**WHAT YOU HAVE TO DO:** Word for word, output the data that follows.

┌──

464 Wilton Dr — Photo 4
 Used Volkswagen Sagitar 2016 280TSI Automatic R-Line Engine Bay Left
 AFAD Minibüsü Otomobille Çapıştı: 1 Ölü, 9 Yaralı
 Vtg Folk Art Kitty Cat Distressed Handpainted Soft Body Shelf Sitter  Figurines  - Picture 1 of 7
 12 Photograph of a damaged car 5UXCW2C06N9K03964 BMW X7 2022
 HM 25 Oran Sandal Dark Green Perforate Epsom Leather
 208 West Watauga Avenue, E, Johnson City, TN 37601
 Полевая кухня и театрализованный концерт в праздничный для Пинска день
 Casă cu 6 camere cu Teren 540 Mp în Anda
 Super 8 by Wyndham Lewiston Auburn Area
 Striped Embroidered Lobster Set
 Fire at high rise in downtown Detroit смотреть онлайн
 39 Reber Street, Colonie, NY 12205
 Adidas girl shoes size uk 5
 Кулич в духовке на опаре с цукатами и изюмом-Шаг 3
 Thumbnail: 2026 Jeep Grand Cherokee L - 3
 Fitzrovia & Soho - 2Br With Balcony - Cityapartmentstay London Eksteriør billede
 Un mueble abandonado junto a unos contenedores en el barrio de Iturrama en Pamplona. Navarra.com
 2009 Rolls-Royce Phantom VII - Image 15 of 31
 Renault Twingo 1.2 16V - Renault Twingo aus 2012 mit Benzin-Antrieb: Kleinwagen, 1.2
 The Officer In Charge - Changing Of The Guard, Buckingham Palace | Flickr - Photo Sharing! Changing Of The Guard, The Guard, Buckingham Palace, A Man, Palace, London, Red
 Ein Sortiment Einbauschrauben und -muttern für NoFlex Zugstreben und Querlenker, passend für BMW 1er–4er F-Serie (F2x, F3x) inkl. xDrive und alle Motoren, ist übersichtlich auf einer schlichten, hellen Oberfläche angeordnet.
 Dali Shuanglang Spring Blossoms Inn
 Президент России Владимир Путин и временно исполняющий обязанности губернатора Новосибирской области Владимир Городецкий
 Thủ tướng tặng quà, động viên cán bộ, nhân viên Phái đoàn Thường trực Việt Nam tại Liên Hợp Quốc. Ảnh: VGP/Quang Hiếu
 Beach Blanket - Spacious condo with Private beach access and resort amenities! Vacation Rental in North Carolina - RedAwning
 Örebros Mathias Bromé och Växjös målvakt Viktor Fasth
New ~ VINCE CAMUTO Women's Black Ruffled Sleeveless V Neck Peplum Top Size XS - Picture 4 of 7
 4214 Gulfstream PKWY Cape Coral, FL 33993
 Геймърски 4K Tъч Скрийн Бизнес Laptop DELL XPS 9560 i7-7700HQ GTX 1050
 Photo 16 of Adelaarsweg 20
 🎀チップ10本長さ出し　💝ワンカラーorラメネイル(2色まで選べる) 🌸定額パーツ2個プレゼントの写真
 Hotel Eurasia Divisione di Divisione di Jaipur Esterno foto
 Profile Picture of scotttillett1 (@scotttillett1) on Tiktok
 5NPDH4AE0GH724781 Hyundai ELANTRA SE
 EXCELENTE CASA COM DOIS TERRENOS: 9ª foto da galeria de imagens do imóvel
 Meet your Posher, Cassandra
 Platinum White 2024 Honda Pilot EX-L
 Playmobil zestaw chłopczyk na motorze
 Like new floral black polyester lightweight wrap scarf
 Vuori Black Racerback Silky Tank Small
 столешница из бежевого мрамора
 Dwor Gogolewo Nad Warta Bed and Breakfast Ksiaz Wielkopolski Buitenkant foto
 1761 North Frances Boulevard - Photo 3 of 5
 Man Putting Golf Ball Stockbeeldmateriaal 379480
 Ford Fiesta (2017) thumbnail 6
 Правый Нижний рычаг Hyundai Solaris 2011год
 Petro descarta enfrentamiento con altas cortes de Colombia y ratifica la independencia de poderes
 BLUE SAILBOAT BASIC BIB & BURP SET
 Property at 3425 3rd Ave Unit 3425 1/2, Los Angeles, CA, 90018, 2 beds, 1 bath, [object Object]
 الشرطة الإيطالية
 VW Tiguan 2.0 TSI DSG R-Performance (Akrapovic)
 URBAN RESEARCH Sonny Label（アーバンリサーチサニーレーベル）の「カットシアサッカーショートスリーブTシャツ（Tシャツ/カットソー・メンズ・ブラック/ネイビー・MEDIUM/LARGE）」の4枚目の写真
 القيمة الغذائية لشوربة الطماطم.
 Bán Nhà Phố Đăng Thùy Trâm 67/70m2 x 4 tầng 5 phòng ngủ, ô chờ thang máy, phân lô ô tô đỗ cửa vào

└──

**OUTPUT BELOW:**
464 Wilton Dr — Photo 4
 Used Volkswagen Sagitar 2016 280TSI Automatic R-Line Engine Bay Left
 AFAD Minibüsü Otomobille Çapıştı: 1 Ölü, 9 Yaralı
 Vtg Folk Art Kitty Cat Distressed Handpainted Soft Body Shelf Sitter  Figurines  - Picture 1 of 7
 12 Photograph of a damaged car 5UXCW2C06N9K03964 BMW X7 2022
 HM 25 Oran Sandal Dark Green Perforate Epsom Leather
 208 West Watauga Avenue, E, Johnson City, TN 37601
 Полевая кухня и театрализованный концерт в праздничный для Пинска день
 Casă cu 6 camere cu Teren 540 Mp în Anda
 Super 8 by Wyndham Lewiston Auburn Area
 Striped Embroidered Lobster Set
 Fire at high rise in downtown Detroit смотреть онлайн
 39 Reber Street, Colonie, NY 12205
 Adidas girl shoes size uk 5
 Кулич в духовке на опаре с цукатами и изюмом-Шаг 3
 Thumbnail: 2026 Jeep Grand Cherokee L - 3
 Fitzrovia & Soho - 2Br With Balcony - Cityapartmentstay London Eksteriør billede
 Un mueble abandonado junto a unos contenedores en el barrio de Iturrama en Pamplona. Navarra.com
 2009 Rolls-Royce Phantom VII - Image 15 of 31
 Renault Twingo 1.2 16V - Renault Twingo aus 2012 mit Benzin-Antrieb: Kleinwagen, 1.2
 The Officer In Charge - Changing Of The Guard, Buckingham Palace | Flickr - Photo Sharing! Changing Of The Guard, The Guard, Buckingham Palace, A Man, Palace, London, Red
 Ein Sortiment Einbauschrauben und -muttern für NoFlex Zugstreben und Querlenker, passend für BMW 1er–4er F-Serie (F2x, F3x) inkl. xDrive und alle Motoren, ist übersichtlich auf einer schlichten, hellen Oberfläche angeordnet.
 Dali Shuanglang Spring Blossoms Inn
 Президент России Владимир Путин и временно исполняющий обязанности губернатора Новосибирской области Владимир Городецкий
 Thủ tướng tặng quà, động viên cán bộ, nhân viên Phái đoàn Thường trực Việt Nam tại Liên Hợp Quốc. Ảnh: VGP/Quang Hiếu
 Beach Blanket - Spacious condo with Private beach access and resort amenities! Vacation Rental in North Carolina - RedAwning
 Örebros Mathias Bromé och Växjös målvakt Viktor Fasth
New ~ VINCE CAMUTO Women's Black Ruffled Sleeveless V Neck Peplum Top Size XS - Picture 4 of 7
 4214 Gulfstream PKWY Cape Coral, FL 33993
 Геймърски 4K Tъч Скрийн Бизнес Laptop DELL XPS 9560 i7-7700HQ GTX 1050
 Photo 16 of Adelaarsweg 20
 🎀チップ10本長さ出し　💝ワンカラーorラメネイル(2色まで選べる) 🌸定額パーツ2個プレゼントの写真
 Hotel Eurasia Divisione di Divisione di Jaipur Esterno foto
 Profile Picture of scotttillett1 (@scotttillett1) on Tiktok
 5NPDH4AE0GH724781 Hyundai ELANTRA SE
 EXCELENTE CASA COM DOIS TERRENOS: 9ª foto da galeria de imagens do imóvel
 Meet your Posher, Cassandra
 Platinum White 2024 Honda Pilot EX-L
 Playmobil zestaw chłopczyk na motorze
 Like new floral black polyester lightweight wrap scarf
 Vuori Black Racerback Silky Tank Small
 столешница из бежевого мрамора
 Dwor Gogolewo Nad Warta Bed and Breakfast Ksiaz Wielkopolski Buitenkant foto
 1761 North Frances Boulevard - Photo 3 of 5
 Man Putting Golf Ball Stockbeeldmateriaal 379480
 Ford Fiesta (2017) thumbnail 6
 Правый Нижний рычаг Hyundai Solaris 2011год
 Petro descarta enfrentamiento con altas cortes de Colombia y ratifica la independencia de poderes
 BLUE SAILBOAT BASIC BIB & BURP SET
 Property at 3425 3rd Ave Unit 3425 1/2, Los Angeles, CA, 90018, 2 beds, 1 bath, [object Object]
 الشرطة الإيطالية
 VW Tiguan 2.0 TSI DSG R-Performance (Akrapovic)
 URBAN RESEARCH Sonny Label（アーバンリサーチサニーレーベル）の「カットシアサッカーショートスリーブTシャツ（Tシャツ/カットソー・メンズ・ブラック/ネイビー・MEDIUM/LARGE）」の4枚目の写真
 القيمة الغذائية لشوربة الطماطم.
 Bán Nhà Phố Đăng Thùy Trâm 67/70m2 x 4 tầng 5 phòng ngủ, ô chờ thang máy, phân lô ô tô đỗ cửa vào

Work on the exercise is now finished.